Santiago Calatrava - Architect



(Turning Torso in Malmö, Sweden - 2005)

Santiago Calatrava’s architecture from a visual perspective owes it self to the sheer crony indulgence of it all and his attempts at reflecting nature in design - which I think man-made objects should not reflect nature as such, but rather remove it's self from it, then try and appease a natural system that is indifferent to us.  Otherwise you are going to run into all kinds of problems.   Visually, you cannot deny the beauty of the designs, but at the same time an excessiveness which in turn shows a fragility or sloppiness.  This is just from aesthetic point of view, let alone the runaway economic idealism of exponential growth, which is an illusion of course and one that appears to be creeping up to Calatrava and his projects.


VALENCIA, Spain — For a while, this sprawling Mediterranean city embraced Santiago Calatrava’s architecture with gusto. In a dried-up riverbed, Mr. Calatrava built and built, eventually filling 86 acres with his radical, and some say awe-inspiring, designs. 

But these days, even as Mr. Calatrava’s eye-catching PATH station creeps toward completion in Lower Manhattan, he is often cast as a villain here in Valencia. One local politician runs a Web site called Calatravatelaclava, which loosely translates as, “Calatrava bleeds you dry.”  

Ignacio Blanco, the member of the provincial Parliament who started the Web site, has unleashed a flood of information about the complex during the past year, concluding that Valencia still owes 700 million euros (about $944 million) on it.

Mr. Calatrava was paid approximately 94 million euros (about $127 million) for his work. How could that be, Mr. Blanco asks, when the opera house included 150 seats with obstructed views? Or when the science museum was initially built without fire escapes or elevators for the disabled?
“How can you make mistakes like that?” asked Mr. Blanco, a member of the small opposition United Left party here, who said millions were spent to fix such errors. “He was paid even when repairing his own mistakes.” 

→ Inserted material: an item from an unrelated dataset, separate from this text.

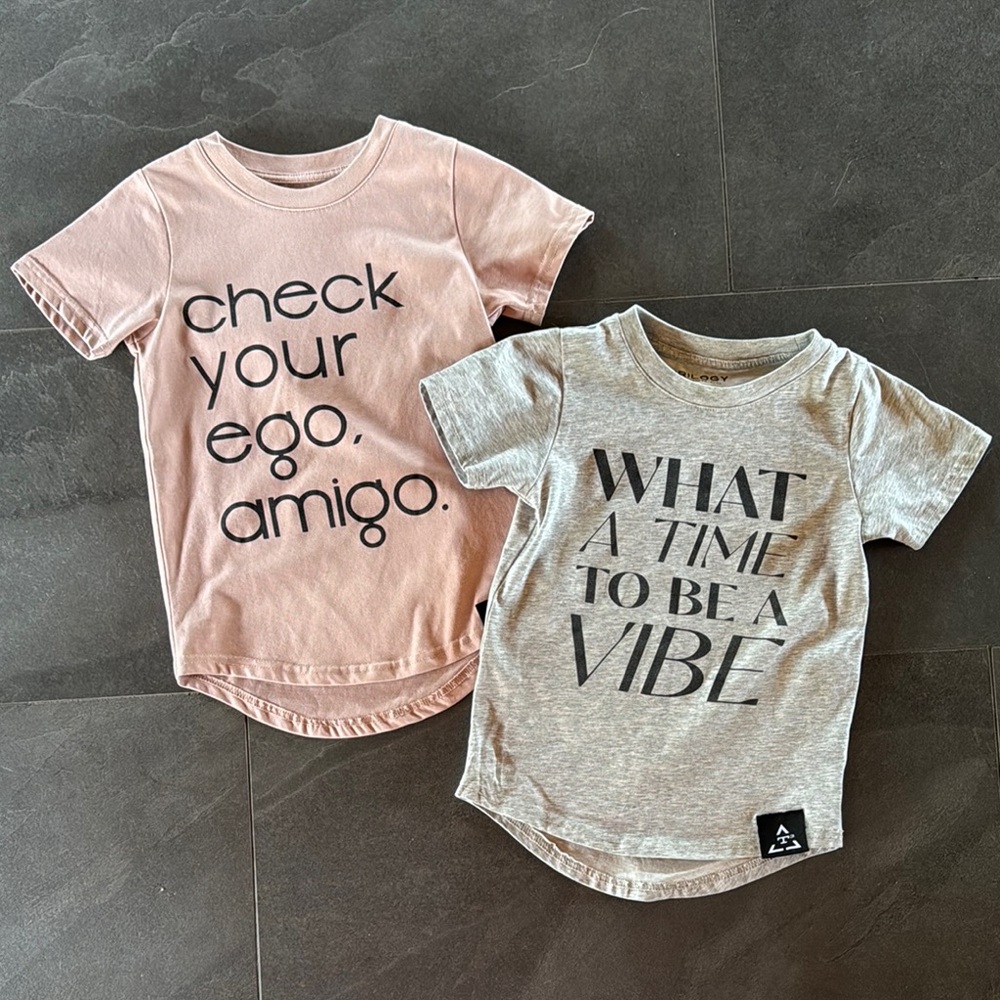 Trendy Pink and Gray Short Sleeve Tees with Graphic Prints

and more serious allegations:

But in numerous interviews, other architects, academics and builders say that Mr. Calatrava is amassing an unusually long list of projects marred by cost overruns, delays and litigation. It is hard to find a Calatrava project that has not been significantly over budget. And complaints abound that he is indifferent to the needs of his clients. Just last month a Dutch councilor in Haarlemmermeer, near Amsterdam, urged his colleagues to take legal action because the three bridges the architect designed for the town cost twice the budgeted amount and then millions more in upkeep since they opened in 2004. Mr. Calatrava is already in court over a footbridge in Venice, a winery in the Álava region of Spain and a massive exhibition and conference center in Oviedo, Spain.

In Bilbao, Spain, there have been problems with a bridge and an airport.
“What you see over and over again is that rather than searching for functionality or customer satisfaction, he aims for singularity,” said Jesús Cañada Merino, the president of Bilbao’s architects’ association. “The problem is that Calatrava is above and beyond the client.” 

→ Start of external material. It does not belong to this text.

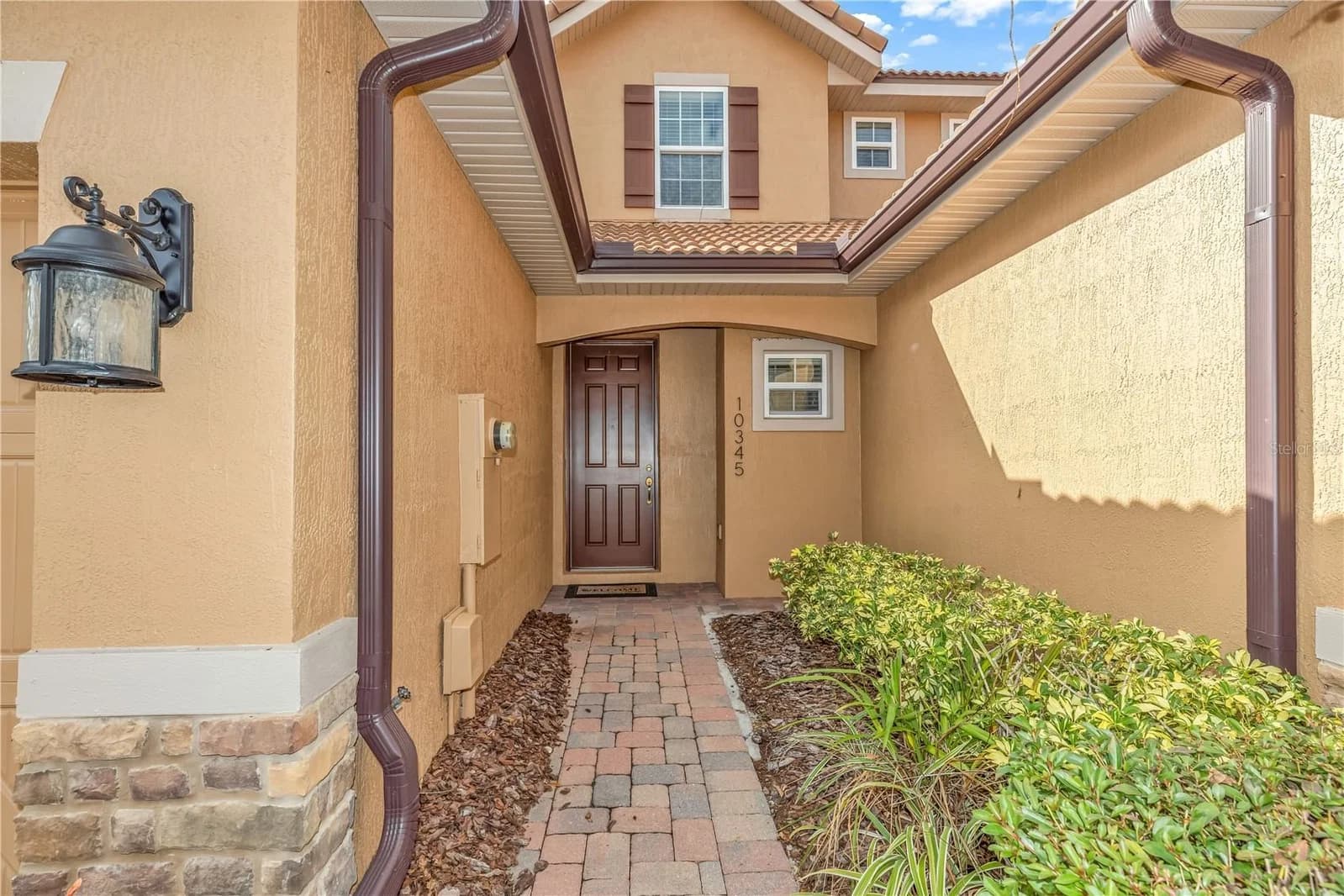10345 BELFRY 2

American cronyism via Calatrava at Ground Zero NYC:

"...PATH train station at ground zero. It is expected to open in 2015 but is six years behind schedule and will cost $4 billion, twice the original budget.
Critics of the project, commissioned by the Port Authority of New York and New Jersey, find the final price tag hard to believe. (In January 2012 an independent audit of the Port Authority concluded that the agency was “a challenged and dysfunctional organization.”) But several executives who have been involved in construction at the World Trade Center site, who did not want to speak on the record because of their relationship with the project, said Mr. Calatrava’s designs were problematic, too, calling for hugely difficult construction, including a vast underground chamber. In addition, they said, he demanded that surrounding buildings house all the station’s mechanical elements, like ventilation, which complicated construction and called for time-consuming coordination." 

 (City of Arts and Sciences  - Valencia, Spain.  Now being repaired due to wrinkled exterior.)

The New York Times article goes on revealing further issues and problems with Calatrava's projects.  Full article: A Star Architect Leaves Some Clients Fuming

Makes you double think Robert Greene's book: Mastery and his chapter on Santiago Calatrava as a '10,000 hour master'.  Sometimes you got to laugh at the absurdity.